[Data provided — start]
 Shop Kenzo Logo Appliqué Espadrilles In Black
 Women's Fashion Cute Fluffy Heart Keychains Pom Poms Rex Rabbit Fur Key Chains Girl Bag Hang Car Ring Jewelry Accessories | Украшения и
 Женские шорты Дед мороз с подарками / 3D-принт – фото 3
[Data provided — finish]
Work instructions |
The entire listing should be repeated with no line missing and no word altered.

Solution |
 Shop Kenzo Logo Appliqué Espadrilles In Black
 Women's Fashion Cute Fluffy Heart Keychains Pom Poms Rex Rabbit Fur Key Chains Girl Bag Hang Car Ring Jewelry Accessories | Украшения и
 Женские шорты Дед мороз с подарками / 3D-принт – фото 3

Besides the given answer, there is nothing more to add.